## Directions for this task
In your copy of the data, keep every word exact and include no pictures.

[Short descriptive text snippets]

=======

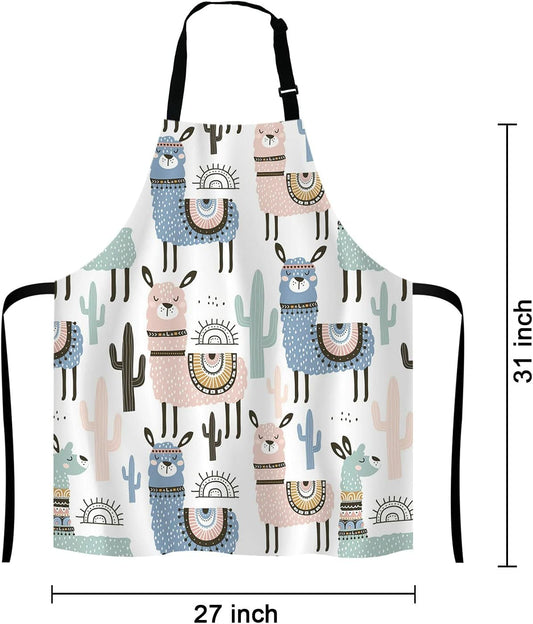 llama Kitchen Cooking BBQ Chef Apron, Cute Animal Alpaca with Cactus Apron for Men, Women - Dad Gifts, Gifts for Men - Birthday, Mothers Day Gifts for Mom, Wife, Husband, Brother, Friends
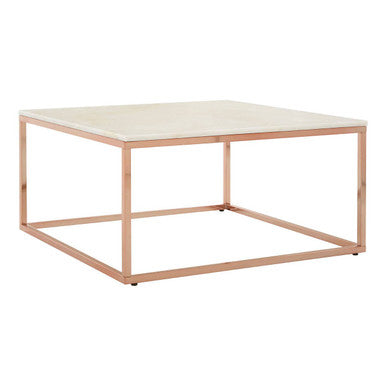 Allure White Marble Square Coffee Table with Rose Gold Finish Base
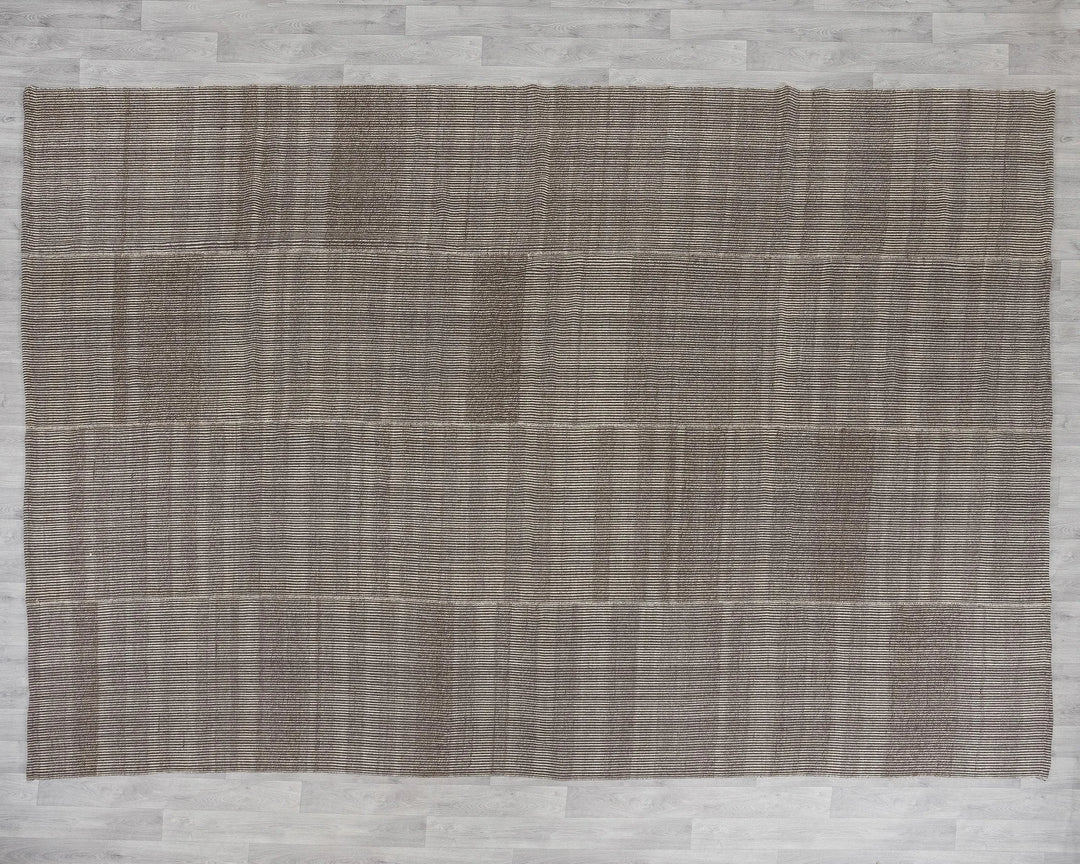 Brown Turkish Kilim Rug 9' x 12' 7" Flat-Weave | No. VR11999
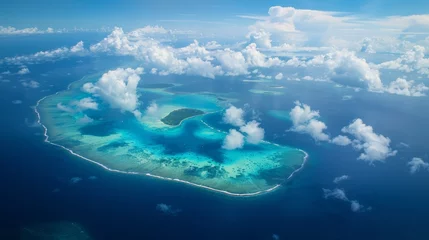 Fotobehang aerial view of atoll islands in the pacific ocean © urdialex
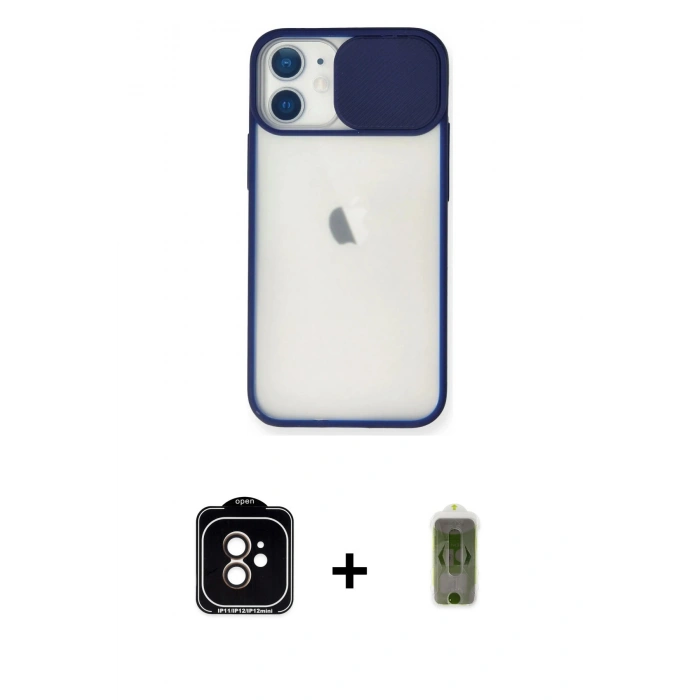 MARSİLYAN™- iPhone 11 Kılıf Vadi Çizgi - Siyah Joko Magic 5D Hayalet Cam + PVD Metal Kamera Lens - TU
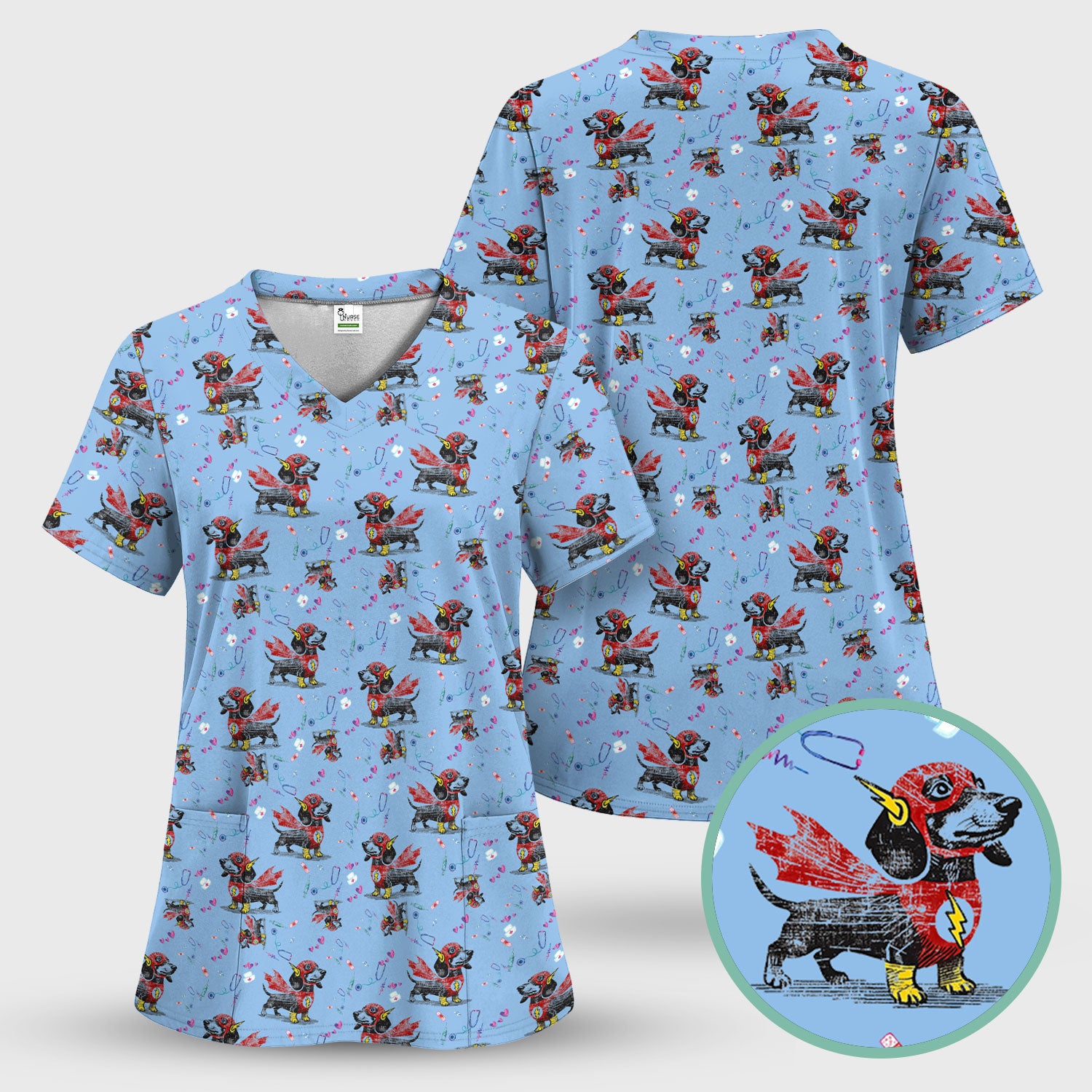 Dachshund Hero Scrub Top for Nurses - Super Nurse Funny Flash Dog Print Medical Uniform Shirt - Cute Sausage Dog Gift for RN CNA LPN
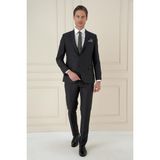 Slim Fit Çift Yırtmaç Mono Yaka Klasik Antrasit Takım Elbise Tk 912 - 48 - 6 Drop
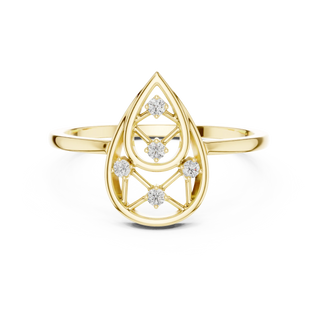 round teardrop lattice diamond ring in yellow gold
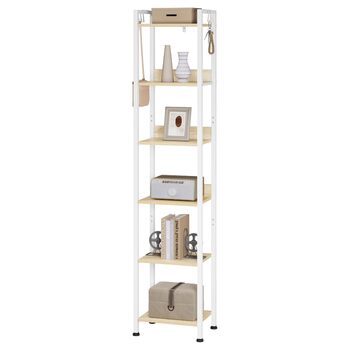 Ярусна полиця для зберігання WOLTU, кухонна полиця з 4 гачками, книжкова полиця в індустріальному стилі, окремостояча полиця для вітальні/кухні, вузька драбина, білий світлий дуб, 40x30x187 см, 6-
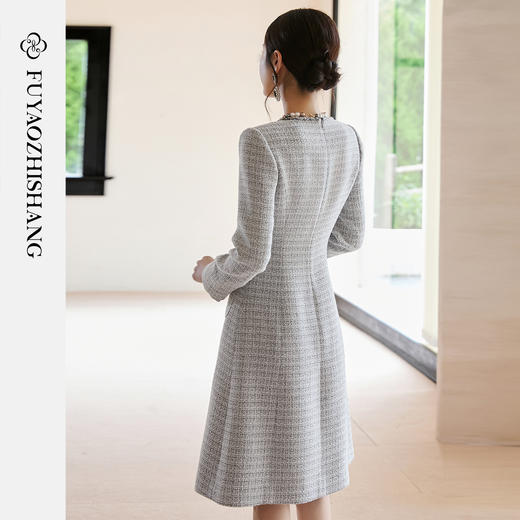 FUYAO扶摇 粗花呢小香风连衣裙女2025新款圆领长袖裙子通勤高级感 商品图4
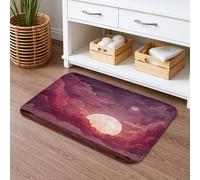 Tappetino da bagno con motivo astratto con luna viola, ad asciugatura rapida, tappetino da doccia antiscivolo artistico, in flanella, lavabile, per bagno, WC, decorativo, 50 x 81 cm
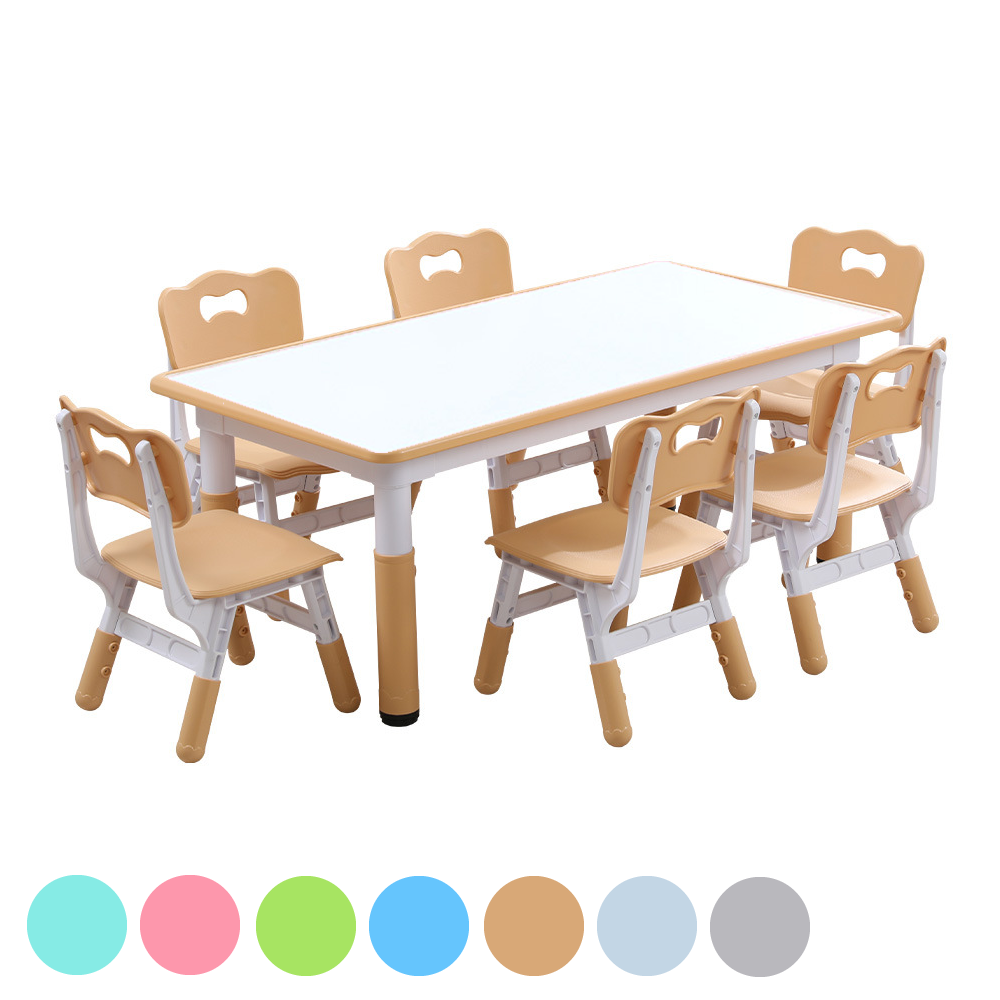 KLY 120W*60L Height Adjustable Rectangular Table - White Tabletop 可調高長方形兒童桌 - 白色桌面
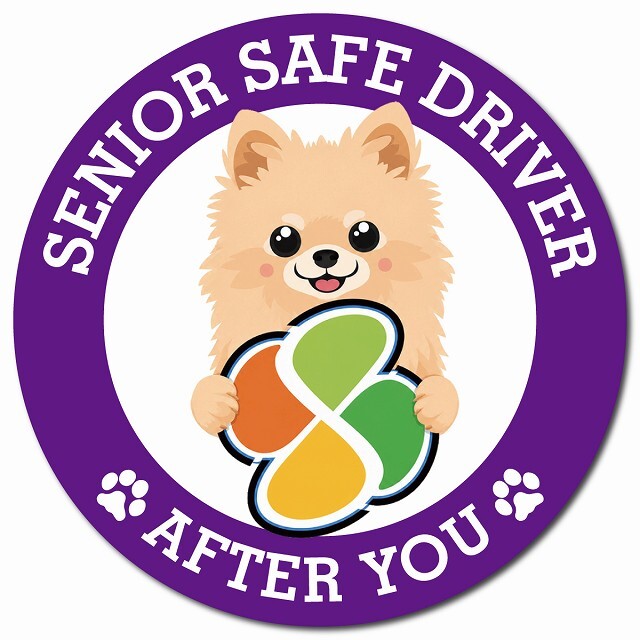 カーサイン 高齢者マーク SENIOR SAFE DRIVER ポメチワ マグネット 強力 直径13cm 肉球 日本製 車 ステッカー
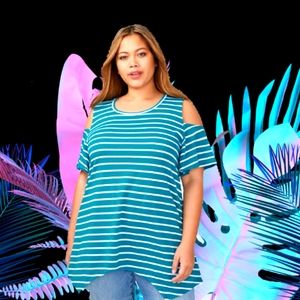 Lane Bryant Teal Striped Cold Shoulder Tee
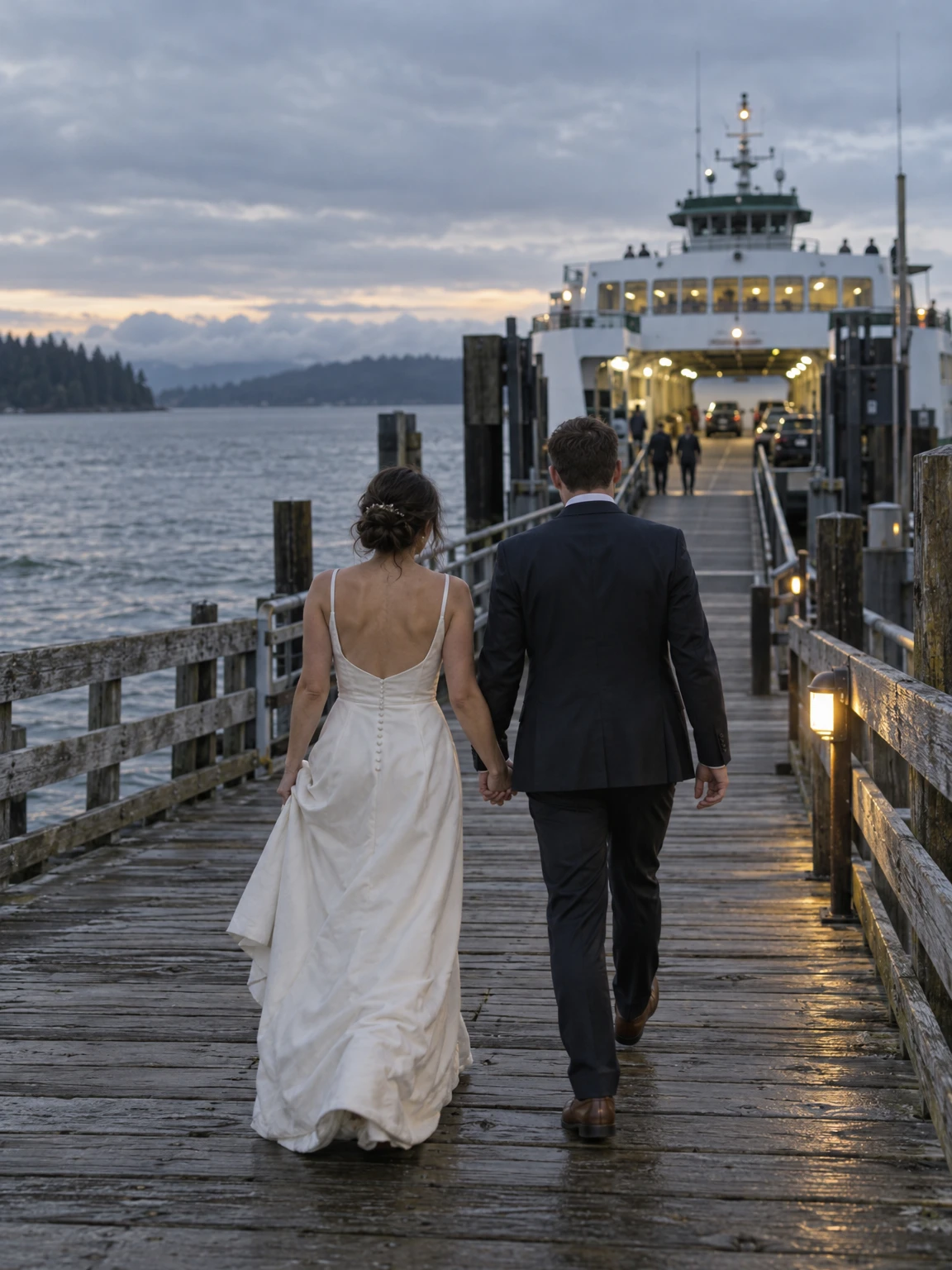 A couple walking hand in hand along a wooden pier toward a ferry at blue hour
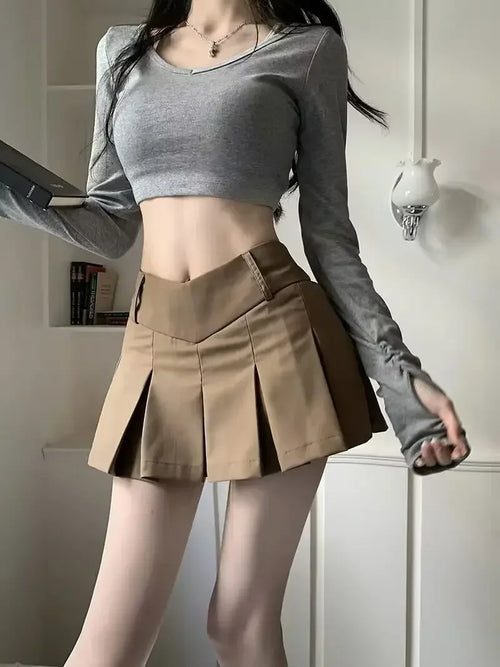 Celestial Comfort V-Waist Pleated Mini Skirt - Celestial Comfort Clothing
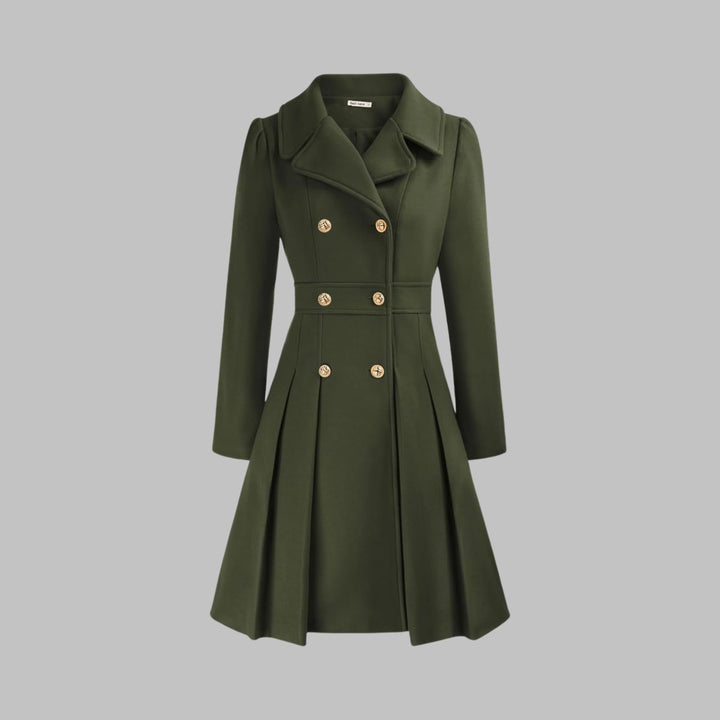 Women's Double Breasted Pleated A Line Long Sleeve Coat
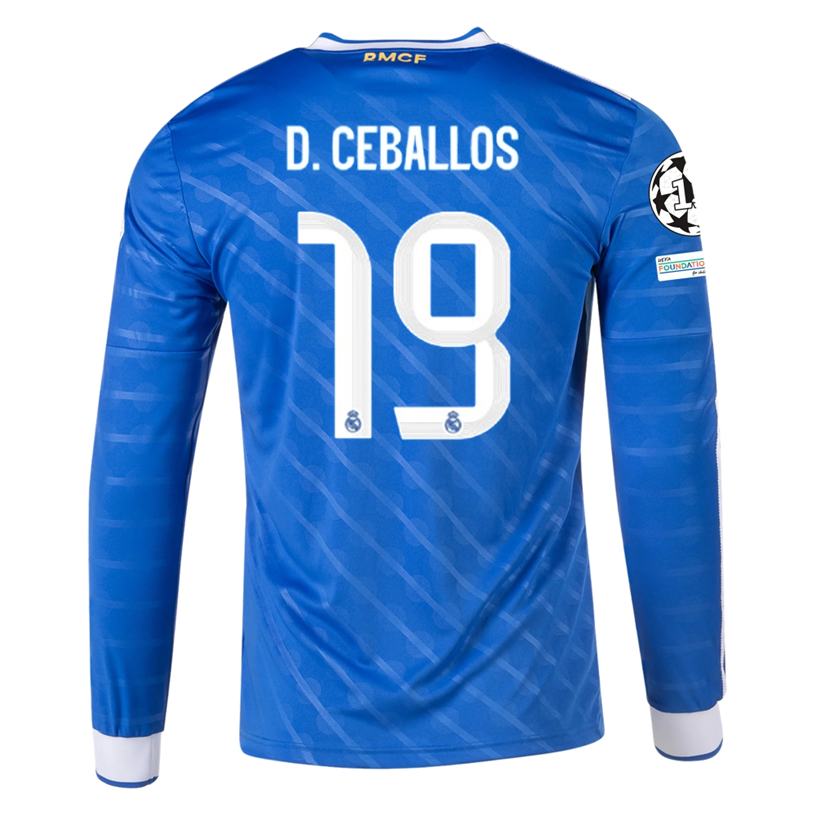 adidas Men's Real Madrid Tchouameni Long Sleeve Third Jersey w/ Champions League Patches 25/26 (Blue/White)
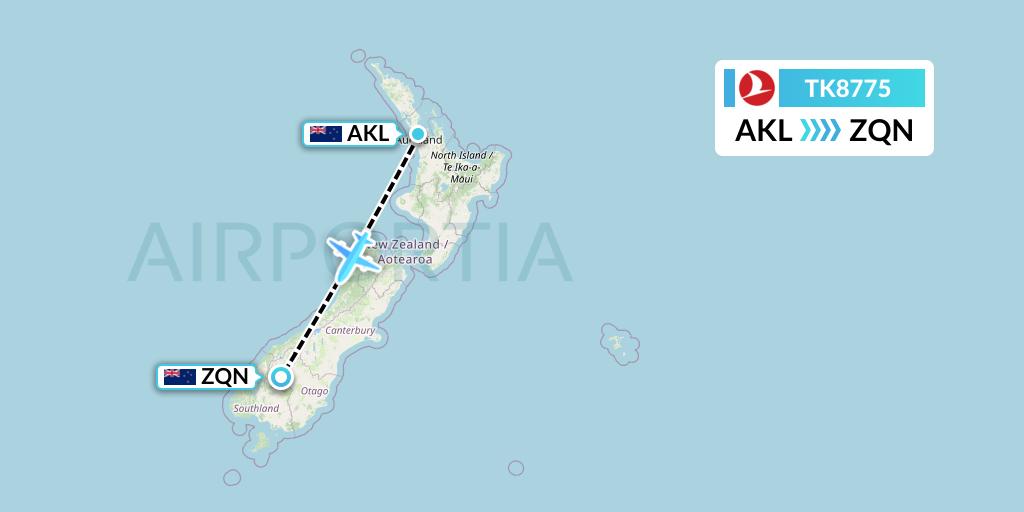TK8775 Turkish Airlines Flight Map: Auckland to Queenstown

=======

## Exercise result
 llama Kitchen Cooking BBQ Chef Apron, Cute Animal Alpaca with Cactus Apron for Men, Women - Dad Gifts, Gifts for Men - Birthday, Mothers Day Gifts for Mom, Wife, Husband, Brother, Friends
 Allure White Marble Square Coffee Table with Rose Gold Finish Base
 Brown Turkish Kilim Rug 9' x 12' 7" Flat-Weave | No. VR11999
 Fotobehang aerial view of atoll islands in the pacific ocean © urdialex
 MARSİLYAN™- iPhone 11 Kılıf Vadi Çizgi - Siyah Joko Magic 5D Hayalet Cam + PVD Metal Kamera Lens - TU
 Dachshund Hero Scrub Top for Nurses - Super Nurse Funny Flash Dog Print Medical Uniform Shirt - Cute Sausage Dog Gift for RN CNA LPN
 Slim Fit Çift Yırtmaç Mono Yaka Klasik Antrasit Takım Elbise Tk 912 - 48 - 6 Drop
 round teardrop lattice diamond ring in yellow gold
 Ярусна полиця для зберігання WOLTU, кухонна полиця з 4 гачками, книжкова полиця в індустріальному стилі, окремостояча полиця для вітальні/кухні, вузька драбина, білий світлий дуб, 40x30x187 см, 6-
 FUYAO扶摇 粗花呢小香风连衣裙女2025新款圆领长袖裙子通勤高级感 商品图4
 Tappetino da bagno con motivo astratto con luna viola, ad asciugatura rapida, tappetino da doccia antiscivolo artistico, in flanella, lavabile, per bagno, WC, decorativo, 50 x 81 cm
 KLY 120W*60L Height Adjustable Rectangular Table - White Tabletop 可調高長方形兒童桌 - 白色桌面
 カーサイン 高齢者マーク SENIOR SAFE DRIVER ポメチワ マグネット 強力 直径13cm 肉球 日本製 車 ステッカー
 Lane Bryant Teal Striped Cold Shoulder Tee
 A couple walking hand in hand along a wooden pier toward a ferry at blue hour
 Celestial Comfort V-Waist Pleated Mini Skirt - Celestial Comfort Clothing
 Women's Double Breasted Pleated A Line Long Sleeve Coat
 adidas Men's Real Madrid Tchouameni Long Sleeve Third Jersey w/ Champions League Patches 25/26 (Blue/White)
TK8775 Turkish Airlines Flight Map: Auckland to Queenstown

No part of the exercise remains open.